## How to complete this task
In the entries below, find the line with "Pack Silicone Counter Mats 24x16, Purple Pack" and the line with "Clear Quartz - Myga". Return those two lines and all lines between them, exactly.

BEGIN Records shown

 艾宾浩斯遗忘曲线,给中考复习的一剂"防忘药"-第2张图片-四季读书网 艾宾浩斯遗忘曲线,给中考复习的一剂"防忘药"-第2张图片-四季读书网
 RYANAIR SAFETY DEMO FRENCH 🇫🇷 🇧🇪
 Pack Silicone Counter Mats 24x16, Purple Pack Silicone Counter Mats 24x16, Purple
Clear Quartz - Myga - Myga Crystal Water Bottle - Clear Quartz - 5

END Records shown
BEGIN Records shown

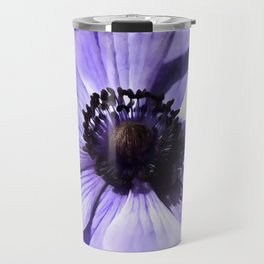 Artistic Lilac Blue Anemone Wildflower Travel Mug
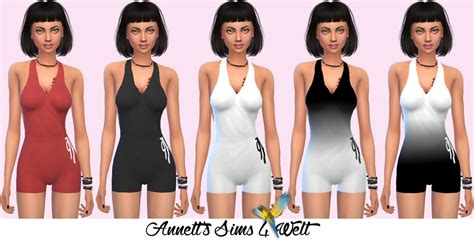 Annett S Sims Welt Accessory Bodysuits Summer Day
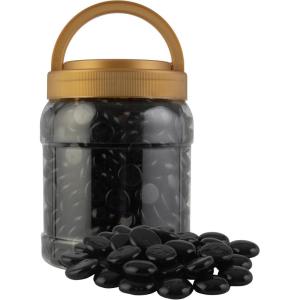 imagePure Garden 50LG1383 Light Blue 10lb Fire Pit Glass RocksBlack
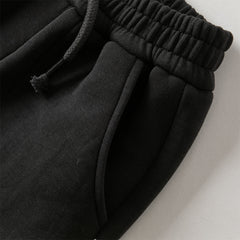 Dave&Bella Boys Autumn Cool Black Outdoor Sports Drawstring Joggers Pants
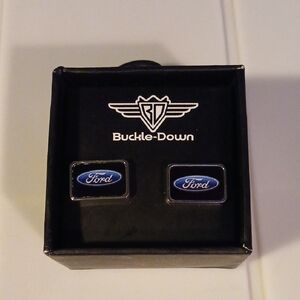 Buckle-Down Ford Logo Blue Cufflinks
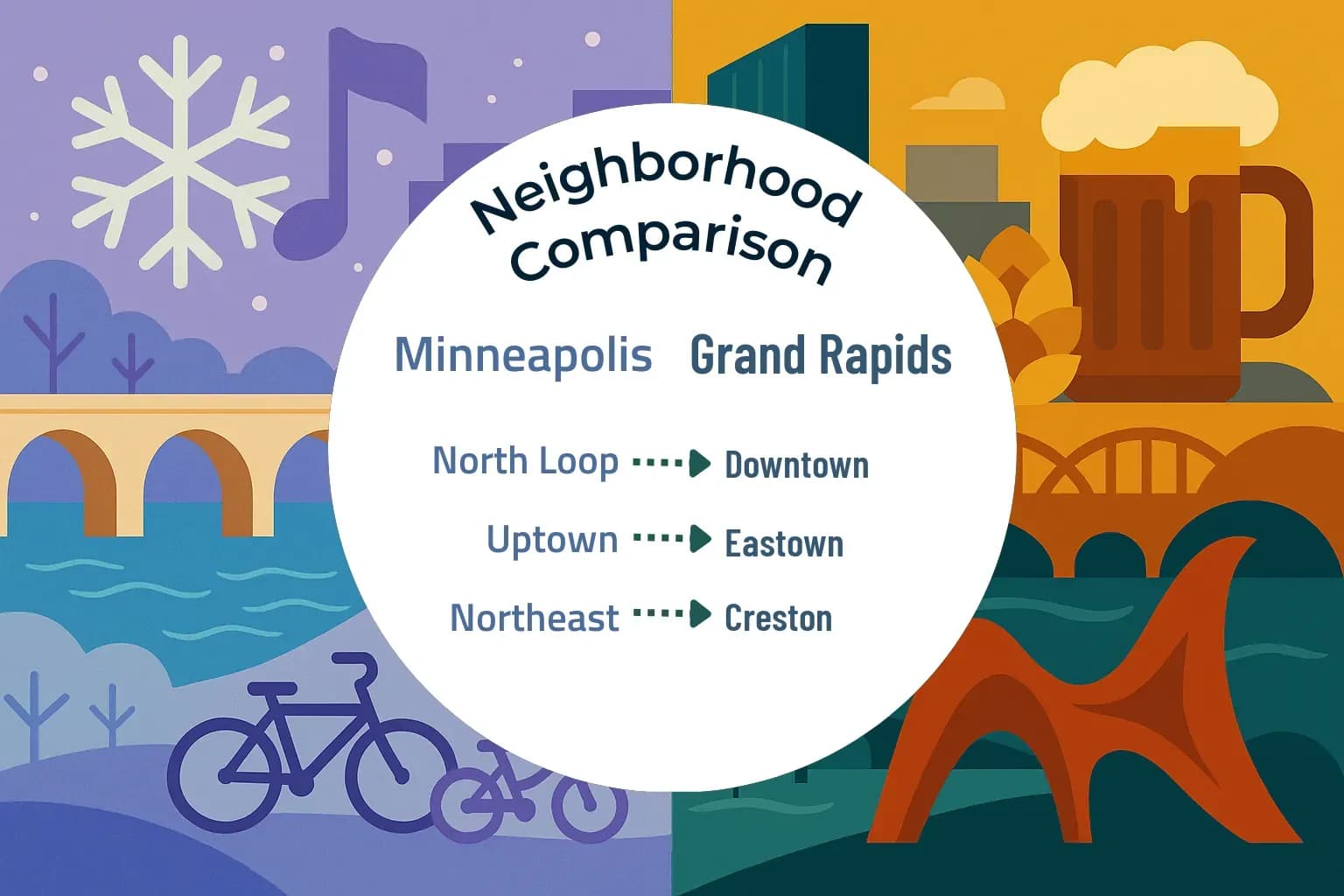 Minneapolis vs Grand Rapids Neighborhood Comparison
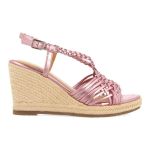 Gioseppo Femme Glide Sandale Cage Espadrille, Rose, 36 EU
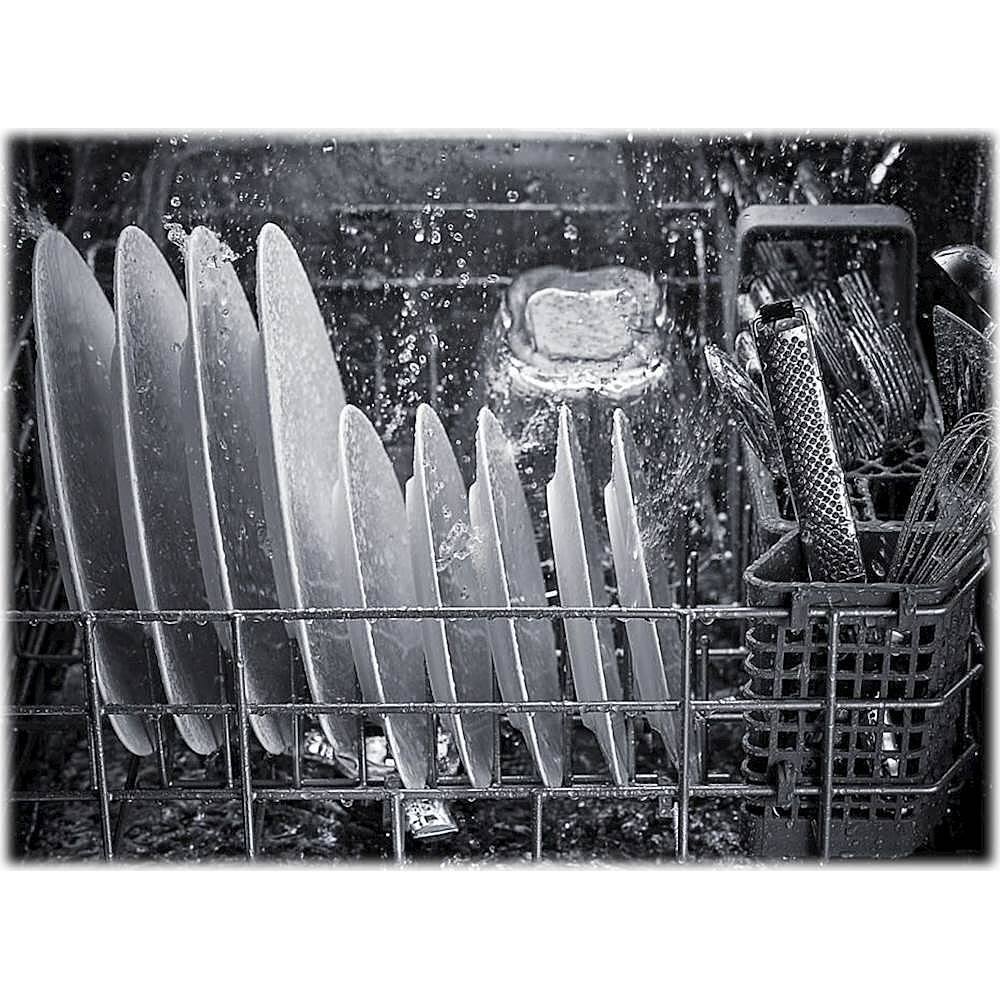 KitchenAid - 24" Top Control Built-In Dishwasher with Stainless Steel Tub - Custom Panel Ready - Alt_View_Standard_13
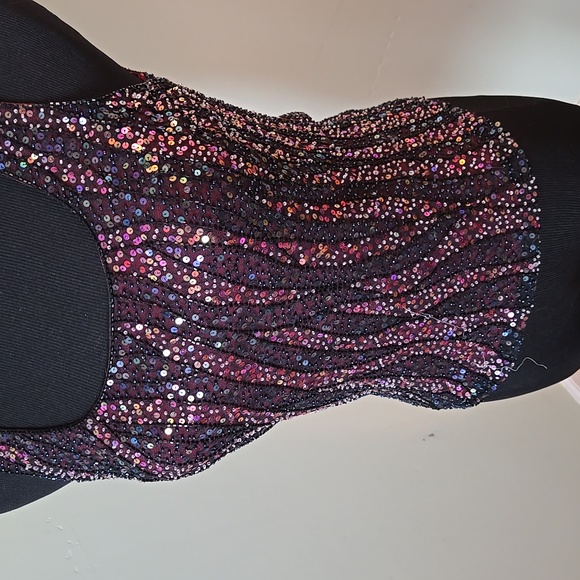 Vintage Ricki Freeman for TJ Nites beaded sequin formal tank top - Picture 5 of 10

END Records shown

## Response area
 Pack Silicone Counter Mats 24x16, Purple Pack Silicone Counter Mats 24x16, Purple
Clear Quartz - Myga - Myga Crystal Water Bottle - Clear Quartz - 5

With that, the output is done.